Data —
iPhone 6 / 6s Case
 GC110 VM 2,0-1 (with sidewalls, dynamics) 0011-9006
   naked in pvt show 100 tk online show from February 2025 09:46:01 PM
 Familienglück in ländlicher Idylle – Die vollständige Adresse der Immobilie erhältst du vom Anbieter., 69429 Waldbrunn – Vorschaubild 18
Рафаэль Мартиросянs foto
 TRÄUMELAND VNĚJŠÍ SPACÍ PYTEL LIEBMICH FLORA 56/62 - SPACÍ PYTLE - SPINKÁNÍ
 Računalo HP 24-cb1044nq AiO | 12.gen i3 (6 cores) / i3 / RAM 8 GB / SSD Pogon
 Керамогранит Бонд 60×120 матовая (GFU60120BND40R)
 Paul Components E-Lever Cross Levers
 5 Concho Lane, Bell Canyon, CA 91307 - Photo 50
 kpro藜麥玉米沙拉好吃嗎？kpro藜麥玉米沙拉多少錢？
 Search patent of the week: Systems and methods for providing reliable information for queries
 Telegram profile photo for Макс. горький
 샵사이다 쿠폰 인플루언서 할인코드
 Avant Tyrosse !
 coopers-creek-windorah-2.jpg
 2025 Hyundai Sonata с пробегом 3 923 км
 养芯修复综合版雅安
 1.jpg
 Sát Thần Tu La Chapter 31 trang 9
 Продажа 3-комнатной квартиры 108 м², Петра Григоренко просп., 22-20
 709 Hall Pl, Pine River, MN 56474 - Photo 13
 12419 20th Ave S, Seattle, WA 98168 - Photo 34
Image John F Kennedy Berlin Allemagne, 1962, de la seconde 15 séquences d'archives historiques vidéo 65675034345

What you are asked to do —
Take the line with "샵사이다 쿠폰 인플루언서 할인코드" and every line after it in the data, and please reproduce them exactly, leaving out all other lines.

Result below —
 샵사이다 쿠폰 인플루언서 할인코드
 Avant Tyrosse !
 coopers-creek-windorah-2.jpg
 2025 Hyundai Sonata с пробегом 3 923 км
 养芯修复综合版雅安
 1.jpg
 Sát Thần Tu La Chapter 31 trang 9
 Продажа 3-комнатной квартиры 108 м², Петра Григоренко просп., 22-20
 709 Hall Pl, Pine River, MN 56474 - Photo 13
 12419 20th Ave S, Seattle, WA 98168 - Photo 34
Image John F Kennedy Berlin Allemagne, 1962, de la seconde 15 séquences d'archives historiques vidéo 65675034345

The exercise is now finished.